— Work item —
Set down every record exactly as it appears.

— Dataset —
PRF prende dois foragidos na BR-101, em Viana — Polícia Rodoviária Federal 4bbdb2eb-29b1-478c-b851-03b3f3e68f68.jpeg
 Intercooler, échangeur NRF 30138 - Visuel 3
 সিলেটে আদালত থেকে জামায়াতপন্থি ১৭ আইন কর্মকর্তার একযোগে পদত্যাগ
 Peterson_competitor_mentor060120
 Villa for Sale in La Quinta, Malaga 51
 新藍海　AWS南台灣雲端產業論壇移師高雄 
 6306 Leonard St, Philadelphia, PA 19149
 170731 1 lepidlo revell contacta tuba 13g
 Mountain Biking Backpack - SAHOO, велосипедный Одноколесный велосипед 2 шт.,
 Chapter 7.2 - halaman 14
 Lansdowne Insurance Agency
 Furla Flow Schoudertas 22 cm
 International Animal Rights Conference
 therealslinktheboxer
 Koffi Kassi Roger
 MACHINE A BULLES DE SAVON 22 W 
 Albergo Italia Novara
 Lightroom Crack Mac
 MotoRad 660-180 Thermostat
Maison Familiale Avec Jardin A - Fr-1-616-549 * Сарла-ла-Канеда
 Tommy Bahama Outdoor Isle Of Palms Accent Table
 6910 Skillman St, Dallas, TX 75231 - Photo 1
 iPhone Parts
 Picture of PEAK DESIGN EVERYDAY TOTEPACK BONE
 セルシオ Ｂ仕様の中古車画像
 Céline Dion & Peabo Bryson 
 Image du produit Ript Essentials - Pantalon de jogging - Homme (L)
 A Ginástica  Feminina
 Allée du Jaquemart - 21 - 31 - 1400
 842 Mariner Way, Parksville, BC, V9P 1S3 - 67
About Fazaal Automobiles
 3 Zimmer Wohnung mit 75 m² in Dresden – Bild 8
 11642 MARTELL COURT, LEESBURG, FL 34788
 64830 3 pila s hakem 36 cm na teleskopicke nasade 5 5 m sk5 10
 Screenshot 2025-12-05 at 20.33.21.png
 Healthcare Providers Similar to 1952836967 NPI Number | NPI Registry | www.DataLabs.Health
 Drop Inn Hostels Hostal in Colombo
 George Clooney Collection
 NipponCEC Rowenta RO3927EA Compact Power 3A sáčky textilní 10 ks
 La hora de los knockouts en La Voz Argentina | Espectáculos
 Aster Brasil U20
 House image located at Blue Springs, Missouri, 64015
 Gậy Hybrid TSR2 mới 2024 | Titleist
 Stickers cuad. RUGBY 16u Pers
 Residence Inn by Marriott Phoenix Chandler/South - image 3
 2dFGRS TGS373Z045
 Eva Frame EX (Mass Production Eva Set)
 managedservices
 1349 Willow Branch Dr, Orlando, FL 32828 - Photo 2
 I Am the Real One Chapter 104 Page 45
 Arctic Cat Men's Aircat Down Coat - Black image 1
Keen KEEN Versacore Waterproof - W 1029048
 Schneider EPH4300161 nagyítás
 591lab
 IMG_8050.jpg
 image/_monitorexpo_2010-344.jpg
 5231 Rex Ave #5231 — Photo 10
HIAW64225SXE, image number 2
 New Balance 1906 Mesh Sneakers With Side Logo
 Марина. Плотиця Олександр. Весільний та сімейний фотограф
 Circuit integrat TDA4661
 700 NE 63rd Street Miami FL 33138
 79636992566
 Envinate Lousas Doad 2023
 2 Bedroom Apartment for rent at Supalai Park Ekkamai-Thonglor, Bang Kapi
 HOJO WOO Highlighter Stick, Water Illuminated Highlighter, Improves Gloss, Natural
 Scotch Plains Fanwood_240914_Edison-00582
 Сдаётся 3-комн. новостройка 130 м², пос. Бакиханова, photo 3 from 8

— Response below —
PRF prende dois foragidos na BR-101, em Viana — Polícia Rodoviária Federal 4bbdb2eb-29b1-478c-b851-03b3f3e68f68.jpeg
 Intercooler, échangeur NRF 30138 - Visuel 3
 সিলেটে আদালত থেকে জামায়াতপন্থি ১৭ আইন কর্মকর্তার একযোগে পদত্যাগ
 Peterson_competitor_mentor060120
 Villa for Sale in La Quinta, Malaga 51
 新藍海　AWS南台灣雲端產業論壇移師高雄 
 6306 Leonard St, Philadelphia, PA 19149
 170731 1 lepidlo revell contacta tuba 13g
 Mountain Biking Backpack - SAHOO, велосипедный Одноколесный велосипед 2 шт.,
 Chapter 7.2 - halaman 14
 Lansdowne Insurance Agency
 Furla Flow Schoudertas 22 cm
 International Animal Rights Conference
 therealslinktheboxer
 Koffi Kassi Roger
 MACHINE A BULLES DE SAVON 22 W 
 Albergo Italia Novara
 Lightroom Crack Mac
 MotoRad 660-180 Thermostat
Maison Familiale Avec Jardin A - Fr-1-616-549 * Сарла-ла-Канеда
 Tommy Bahama Outdoor Isle Of Palms Accent Table
 6910 Skillman St, Dallas, TX 75231 - Photo 1
 iPhone Parts
 Picture of PEAK DESIGN EVERYDAY TOTEPACK BONE
 セルシオ Ｂ仕様の中古車画像
 Céline Dion & Peabo Bryson 
 Image du produit Ript Essentials - Pantalon de jogging - Homme (L)
 A Ginástica  Feminina
 Allée du Jaquemart - 21 - 31 - 1400
 842 Mariner Way, Parksville, BC, V9P 1S3 - 67
About Fazaal Automobiles
 3 Zimmer Wohnung mit 75 m² in Dresden – Bild 8
 11642 MARTELL COURT, LEESBURG, FL 34788
 64830 3 pila s hakem 36 cm na teleskopicke nasade 5 5 m sk5 10
 Screenshot 2025-12-05 at 20.33.21.png
 Healthcare Providers Similar to 1952836967 NPI Number | NPI Registry | www.DataLabs.Health
 Drop Inn Hostels Hostal in Colombo
 George Clooney Collection
 NipponCEC Rowenta RO3927EA Compact Power 3A sáčky textilní 10 ks
 La hora de los knockouts en La Voz Argentina | Espectáculos
 Aster Brasil U20
 House image located at Blue Springs, Missouri, 64015
 Gậy Hybrid TSR2 mới 2024 | Titleist
 Stickers cuad. RUGBY 16u Pers
 Residence Inn by Marriott Phoenix Chandler/South - image 3
 2dFGRS TGS373Z045
 Eva Frame EX (Mass Production Eva Set)
 managedservices
 1349 Willow Branch Dr, Orlando, FL 32828 - Photo 2
 I Am the Real One Chapter 104 Page 45
 Arctic Cat Men's Aircat Down Coat - Black image 1
Keen KEEN Versacore Waterproof - W 1029048
 Schneider EPH4300161 nagyítás
 591lab
 IMG_8050.jpg
 image/_monitorexpo_2010-344.jpg
 5231 Rex Ave #5231 — Photo 10
HIAW64225SXE, image number 2
 New Balance 1906 Mesh Sneakers With Side Logo
 Марина. Плотиця Олександр. Весільний та сімейний фотограф
 Circuit integrat TDA4661
 700 NE 63rd Street Miami FL 33138
 79636992566
 Envinate Lousas Doad 2023
 2 Bedroom Apartment for rent at Supalai Park Ekkamai-Thonglor, Bang Kapi
 HOJO WOO Highlighter Stick, Water Illuminated Highlighter, Improves Gloss, Natural
 Scotch Plains Fanwood_240914_Edison-00582
 Сдаётся 3-комн. новостройка 130 м², пос. Бакиханова, photo 3 from 8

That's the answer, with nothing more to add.